Here's a clock app I use, (pic attached) which simply says clock, not who makes it. I suspect Samsung though. I'm having problems with the alarm going off at the wrong time. This morning I set it for 10AM, and it went off at 8:30AM. I checked and there was no alarm setting for 8:30, not sure why it went off.


----------



## Corday (Mar 3, 2010)

Yes it is from Samsung.


----------



## PC person (Feb 2, 2006)

How do you know that from the picture? It doesn't say what company makes it. I'd like to be able to know myself.


----------



## Corday (Mar 3, 2010)

Now you know. Google is your friend, if you know how to use it.
Samsung Electronics Co., Ltd. Samsung Clock 7.0.83.0 
https://www.apkmirror.com/apk/samsu...samsung-clock/samsung-clock-7-0-83-0-release/


----------



## PC person (Feb 2, 2006)

Corday said:


> Now you know.
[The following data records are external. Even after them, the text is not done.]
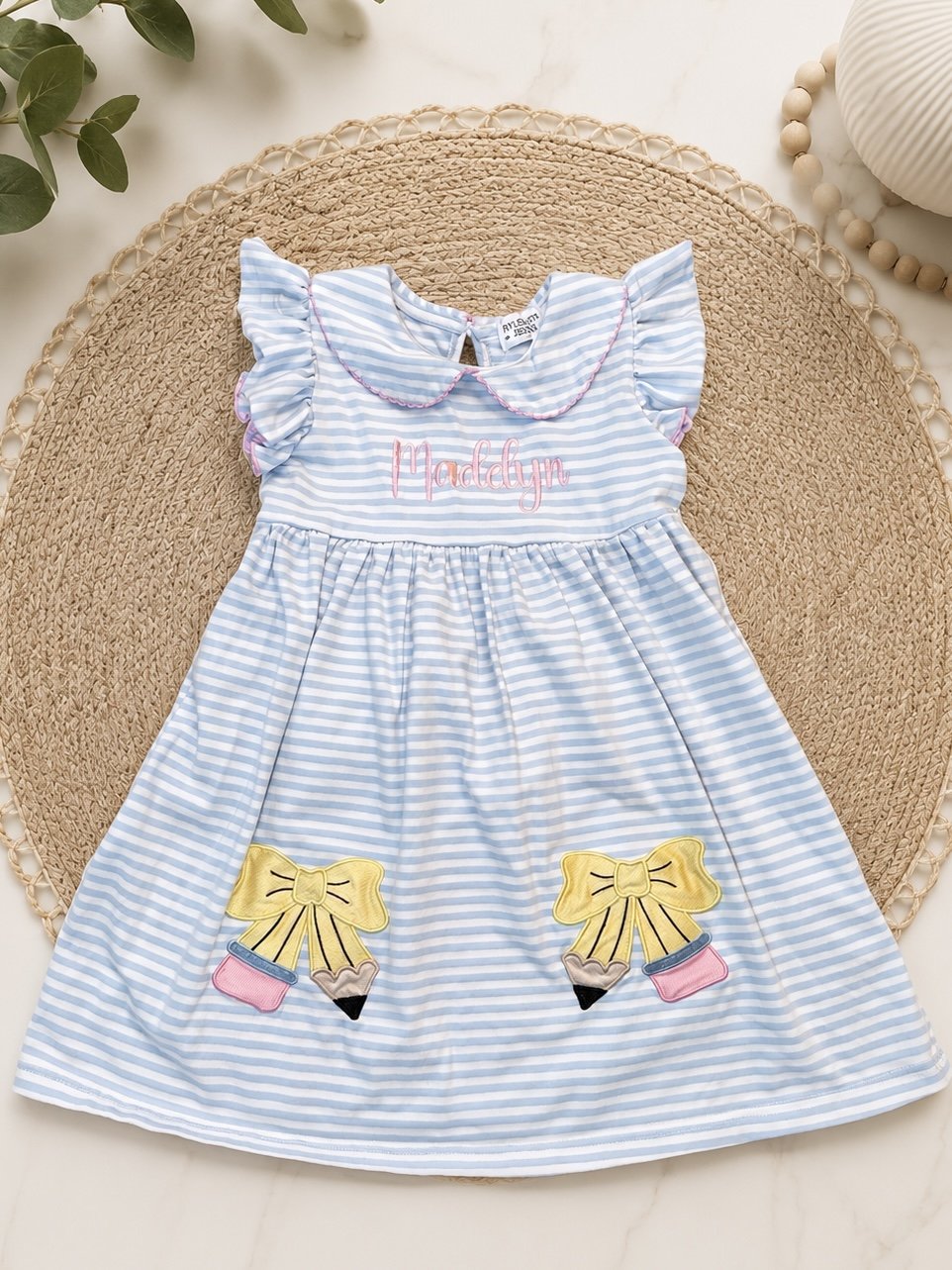 Stripe Pencil Applique Bow Dress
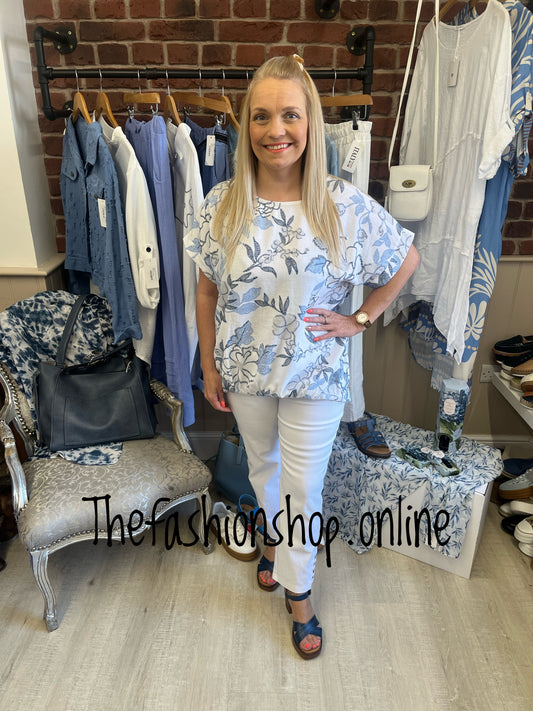 Eliza white and blue floral top 12-16
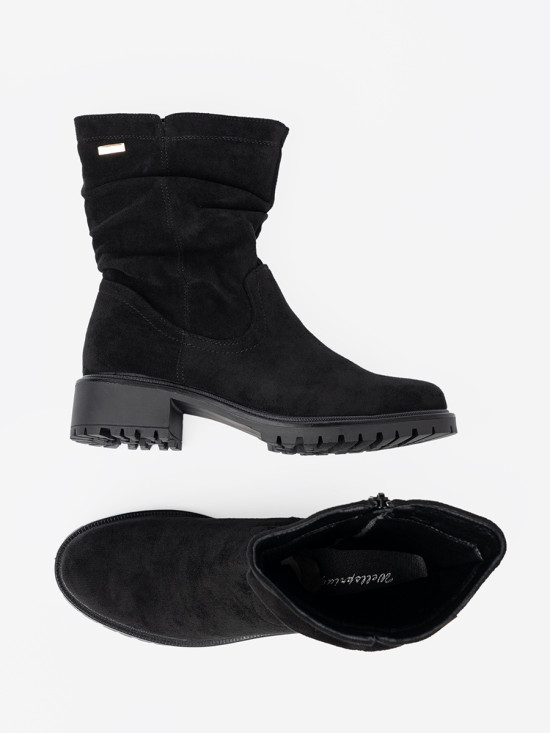 Schwarze Stiefeletten mit gerafftem Schaft und Reißverschluss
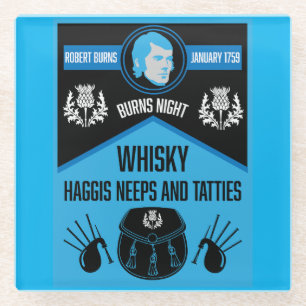 Scottish Burns Night Super Glasuntersetzer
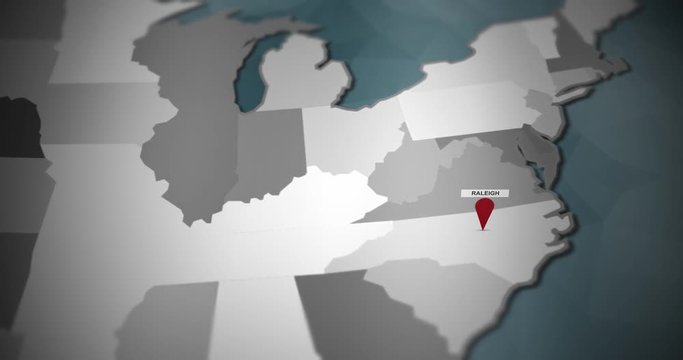 Modern United States motion graphics map - Raleigh City Pin Location Animation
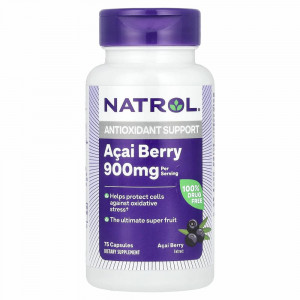 Natrol, Ягоды асаи, 500 мг, 75 вегетарианских капсул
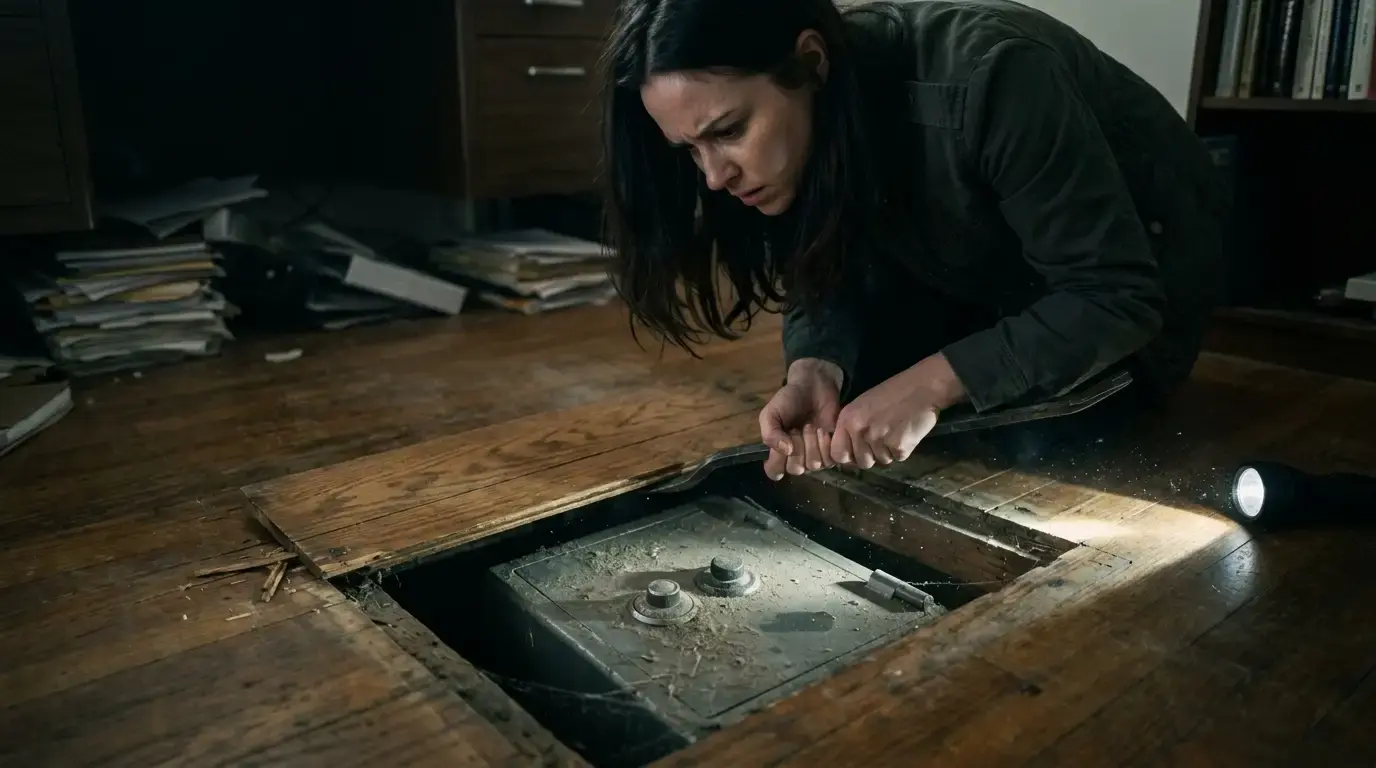 A young woman lifting a loose oak floorboard to reveal a dusty metal safe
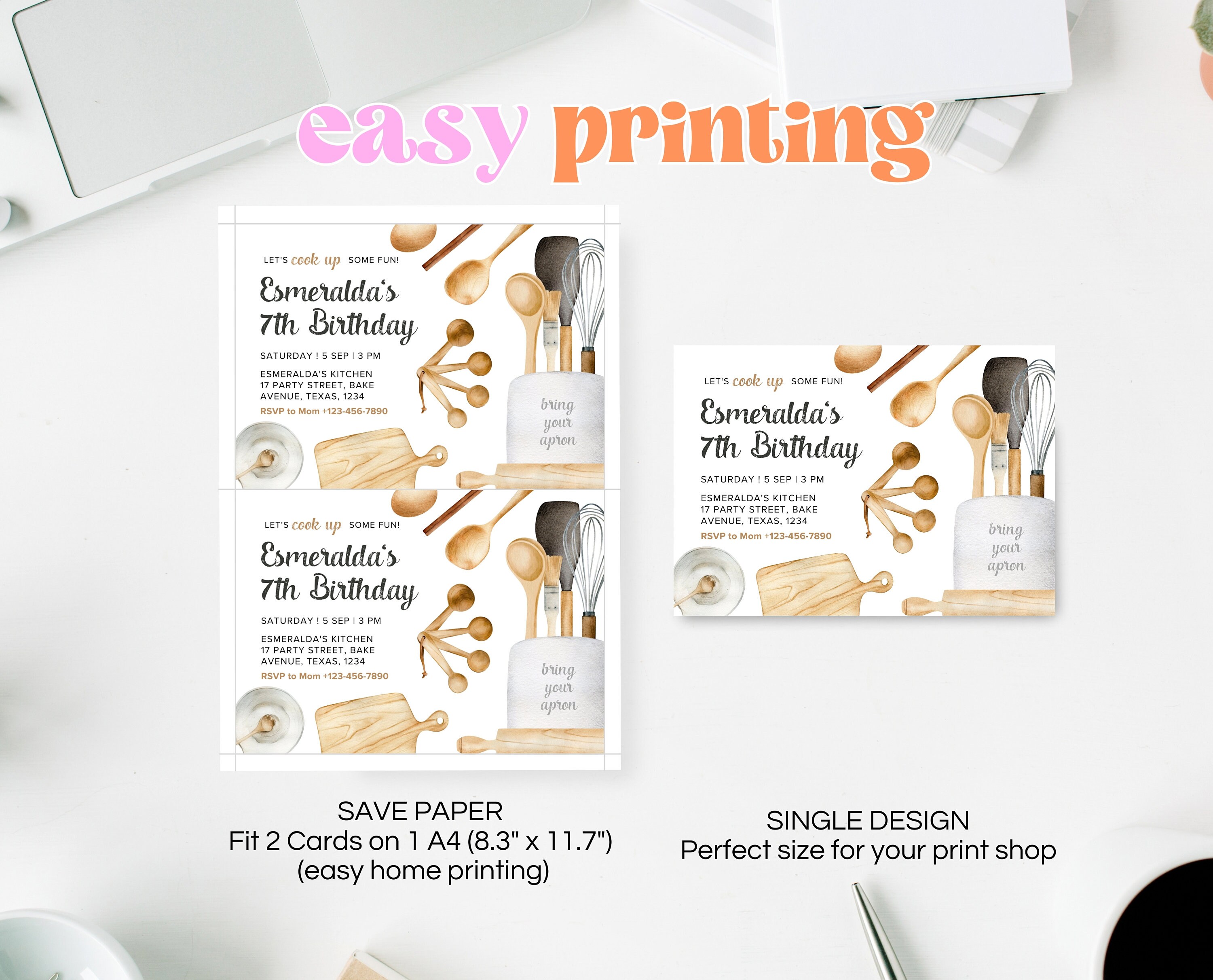 Editable Cooking Party Birthday Invitation, Baking Cooking Party, Chef ...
Google is your friend, if you know how to use it.
> Samsung Electronics Co., Ltd. Samsung Clock 7.0.83.0
> https://www.apkmirror.com/apk/samsu...samsung-clock/samsung-clock-7-0-83-0-release/


still a little confused. Yes, I suspected it was from Samsung and could google it to find out, but if I didn't know the company was involved at all, how would I found out, say it was non-Samsung and no description, like the above pic


----------



## Corday (Mar 3, 2010)

Dick Tracy didn't solve cases by what was only on the surface. I simply used Bing (best Search Engine for Tech ?s) and asked clock version 7.0.83.0. Voila.


----------



## HulkNotes (Aug 12, 2018)

It should be on the list of apps which would indicate the origin as well.


----------